------ Listed entries

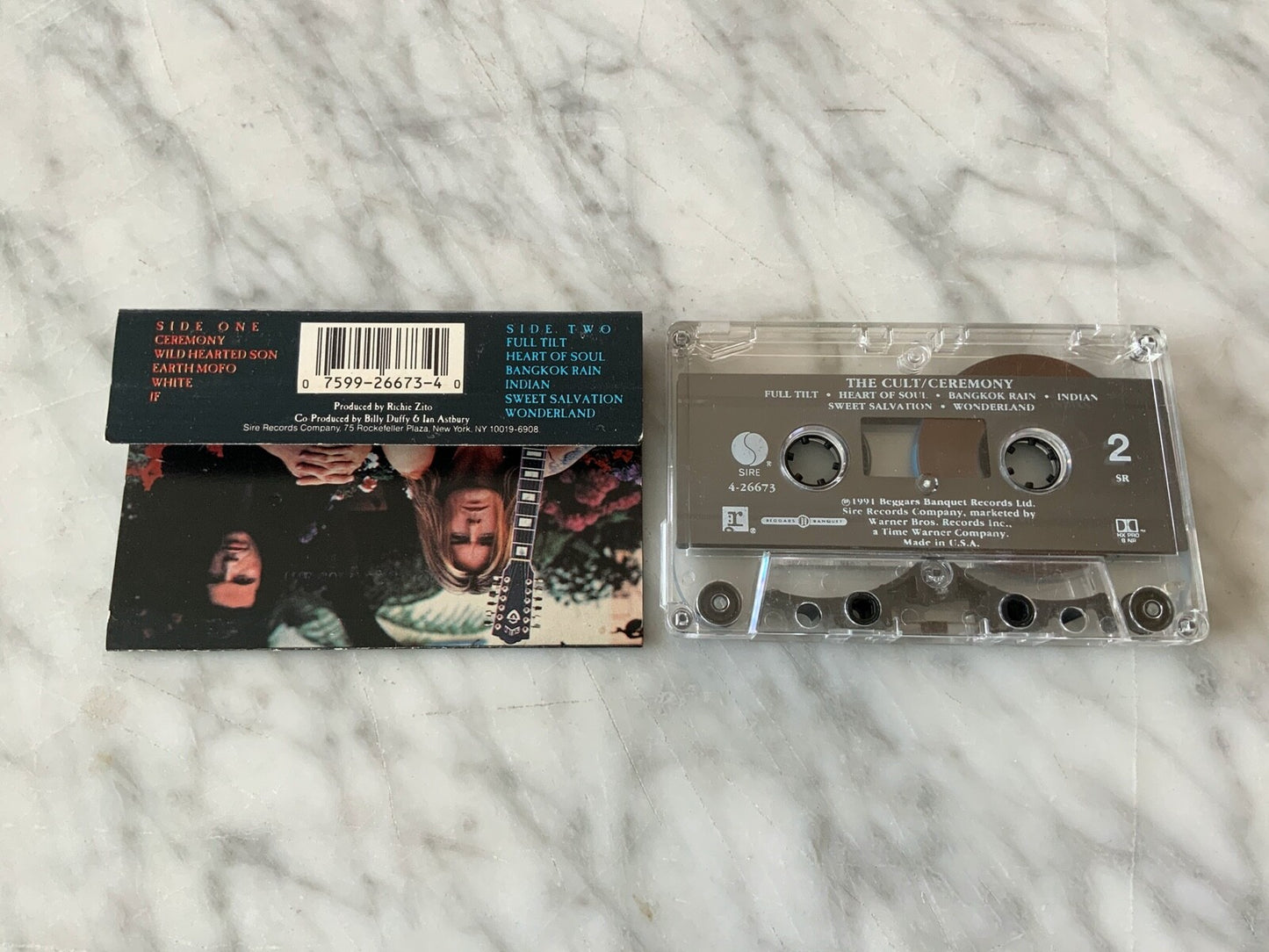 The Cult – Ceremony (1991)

------------
------ Listed entries

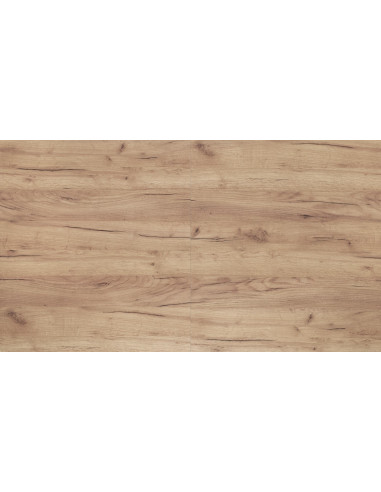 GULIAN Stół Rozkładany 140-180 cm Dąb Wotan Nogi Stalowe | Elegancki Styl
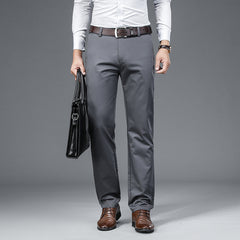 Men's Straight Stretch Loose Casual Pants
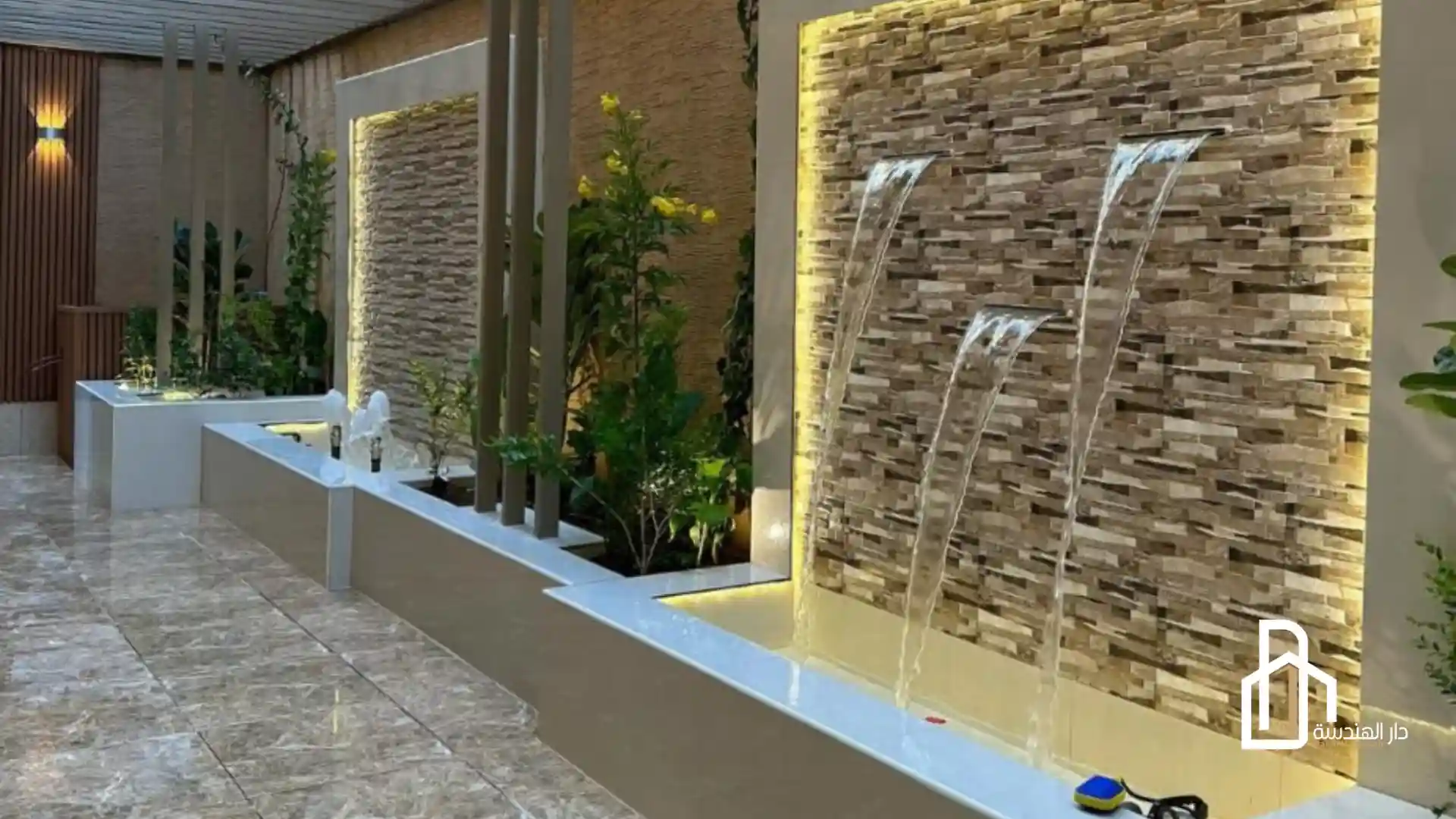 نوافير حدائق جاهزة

------------
------ Listed entries

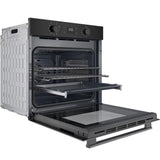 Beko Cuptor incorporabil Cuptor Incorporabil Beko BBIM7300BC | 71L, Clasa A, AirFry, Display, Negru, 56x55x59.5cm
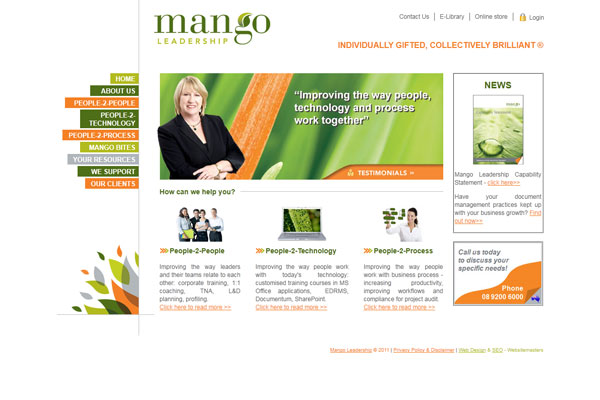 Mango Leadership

------------

Instructions for the task:
Above are the records; restate exactly the lines from the one containing "Men's Straight Stretch Loose Casual Pants" through the one containing "نوافير حدائق جاهزة", keeping pictures out.

Output of the task:
 Men's Straight Stretch Loose Casual Pants
 نوافير حدائق جاهزة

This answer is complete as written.